4 changes on TODO included here, including all must-fix issues. This is
a combined patch. Will push changes to git also, so each commit is
visible separately.

Lots of wiki comments added.

--
 Simon Riggs           www.2ndQuadrant.com

Attachment

Re: Hot Standby remaining issues

From
Heikki Linnakangas
Date:
Simon Riggs wrote:
> @@ -654,10 +656,13 @@ LockAcquire(const LOCKTAG *locktag,
>                  elog(PANIC, "lock table corrupted");
>          }
>          LWLockRelease(partitionLock);
> -        ereport(ERROR,
> -                (errcode(ERRCODE_OUT_OF_MEMORY),
> -                 errmsg("out of shared memory"),
> -          errhint("You might need to increase max_locks_per_transaction.")));
> +        if (reportLockTableError)
> +            ereport(ERROR,
> +                    (errcode(ERRCODE_OUT_OF_MEMORY),
> +                     errmsg("out of shared memory"),
> +              errhint("You might need to increase max_locks_per_transaction.")));
> +        else
> +            return LOCKACQUIRE_NOT_AVAIL;
>      }
>      locallock->proclock = proclock;
>  

That seems dangerous when dontWait==false.
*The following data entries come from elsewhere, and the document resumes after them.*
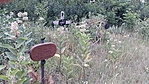 447. Kiskőrös, Baptista temető 447. Kiskőrös, Baptista temető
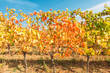 Landscape with autumn vineyards in region Alsace, France near village of Barr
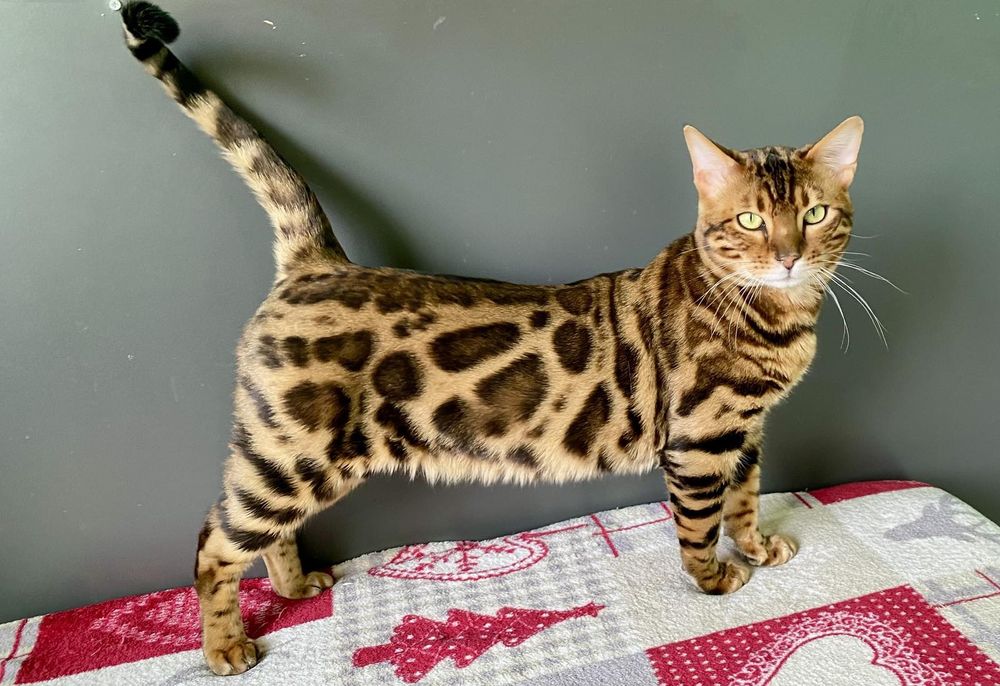Котенок бенгал мальчик, Бенгальский чистокровный, готовый к перезду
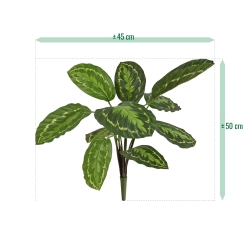 Calathea Roseopicta Pianta artificiale 50 cm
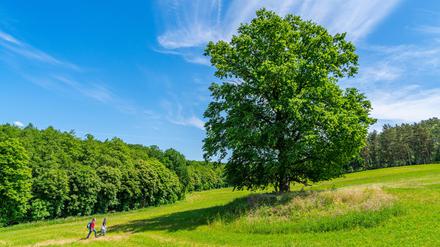 Wandern durch die Uckermark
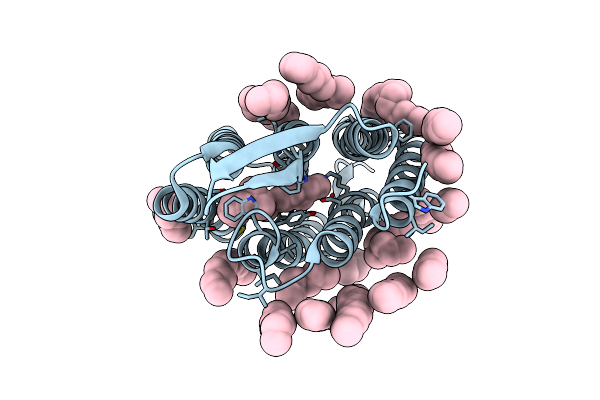 4MD2 image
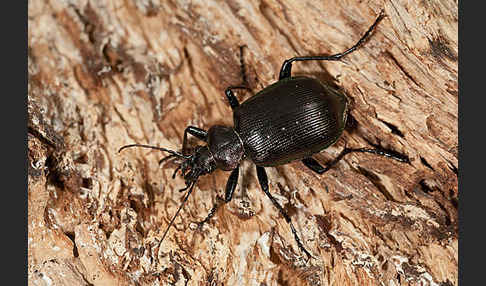 Kleiner Puppenräuber (Calosoma inquisitor)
--  Heikki Linnakangas EnterpriseDB   http://www.enterprisedb.com


Re: Hot Standby remaining issues

From
Heikki Linnakangas
Date:
Simon Riggs wrote:
> commit 02c3eadb766201db084b668daa271db4a900adc9
> Author: Simon Riggs <sriggs@ebony.(none)>
> Date:   Sat Nov 28 06:23:33 2009 +0000
> 
>     Added wal_standby_info GUC to turn RM_STANDBY_ID messages on/off.
>     Various comments added also.
> 

This patch makes it unsafe to start hot standby mode from a shutdown
checkpoint, because we don't know if wal_standby_info was enabled in the
master.

I still don't think we need the GUC. But for future-proofing, perhaps we
should add a flag to shutdown checkpoint records, indicating whether
it's safe to start hot standby from it. That way, if we decide to add a
GUC like that at a later stage, we don't need to change the on-disk format.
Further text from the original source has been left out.